Test2 Direct 33000 23 67 577 411 122

Test3 Renewal 22000 73 167 237 221 55

What I need to do is to use this historical response data to predict response to a future promotion. Is this possible?

Frank

|||

My guess is that you really don't want to use the time series algorithm here. You can create a dataset that uses previous response rates, calendar information and the amount of promotions mailed to predict how many responses you are going to get. For example, creating columns such as

PromotionID
DayOfWeek
WeekOfMonth
MonthOfYear
PreviousResponseRate1
PreviousReponseRate2
CurrentMailingAmount
Response

I'm sure you can think of other related variables as well - I used previous response rates in the example, but you can just as easily use absolute numbers as well.

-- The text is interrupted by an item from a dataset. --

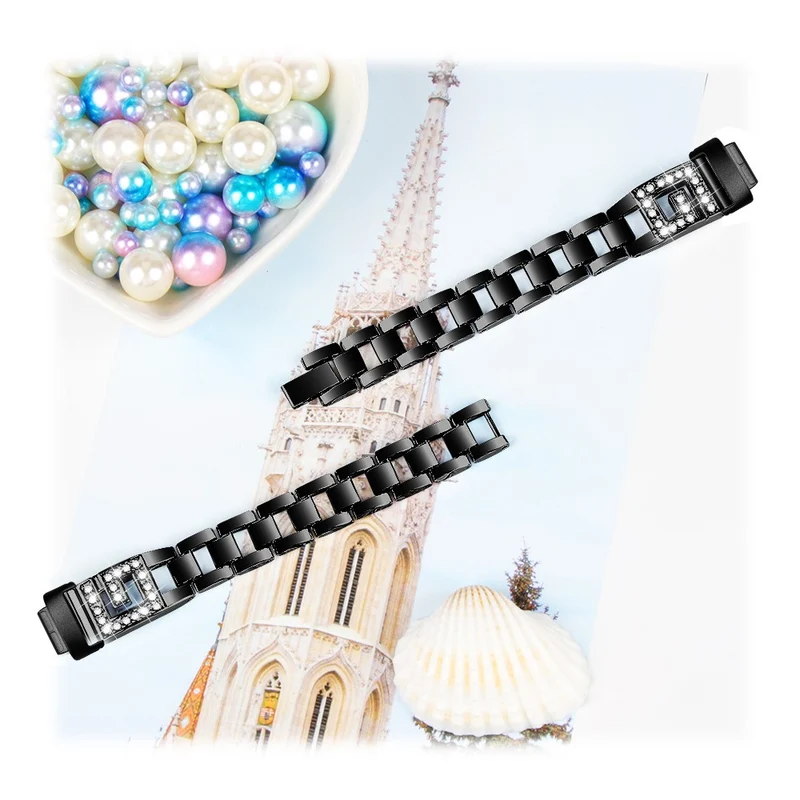 Fitbit Inspire 3 G-shape rhinestone décor metal strap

To start I would use Decision Trees (actually will create a regression tree) to predict Response, and I would also make CurrentMailingAmount a forced regressor (a parameter available in enterprise edition), to guarantee that it appears in the regression equation.

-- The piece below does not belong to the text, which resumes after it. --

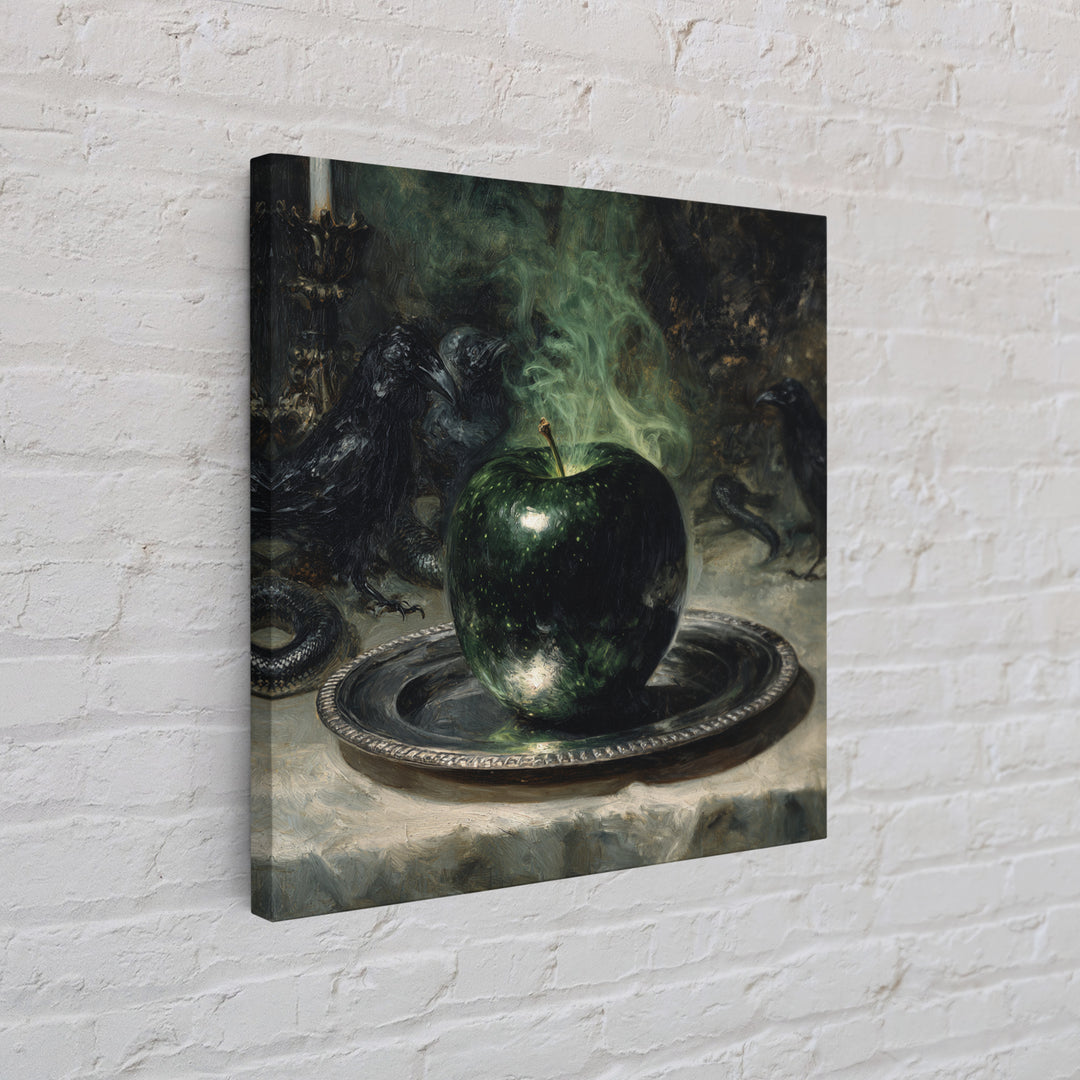 The Poisoned Apple, Dark Symbolist Art, Square Wall Art, Dark Fantasy Wall Art, Framed Canvas Print, Halloween Wall Art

If you have the calendar attributes as numbers (which makes sense), I would also turn off the REGRESSOR flag on those columns so you don't get equations like Response = 2.45 + 0.86 * Monday

HTH

-Jamie

|||

Thanks Jamie,

Not sure if my example was as clear as it could have been. In my test data example, Week1 represents the total responses that were received 1 week from the promotion mail date. week2 represents the responses that were received the 2nd week from the mail date. i need to predict the responses by week for a future promotion by modeling past promotions. I would not have any response data for the future promotion at that point, just the other attributes such as mail quantity, day of week, monthofyear, source, etc. is this possible?

Frank

|||

Of course! This is what you are trying to predict! The example I gave is simply a sample of how you should arrange your data. For example:

(PRR = PreviousResponseRatio, CMA = CurrentMailingAmount)

PromotionID

Pub

DayOfWeek

WeekOfMonth

MonthOfYear

PRR1

PRR2

CMA

Response

P1W1

Test

4

2

3

<week 3 response/week 3 mail qty>

<week 4 response/week 4 mail qty>

<week 5 mailiing amount>

<week 5 reponse>

P1W2

Test

3

3

3

<week 4 response/week 4 mail qty>

<week 5 response/week 5 mail qty>

<week 6 mailiing amount>

<week 6 response>

In this model, one row represents a weeks mailing for a single publication. As I said before you can add additional variables as you like, such as actual previous responses, rather than a ratio - you just have to experiment.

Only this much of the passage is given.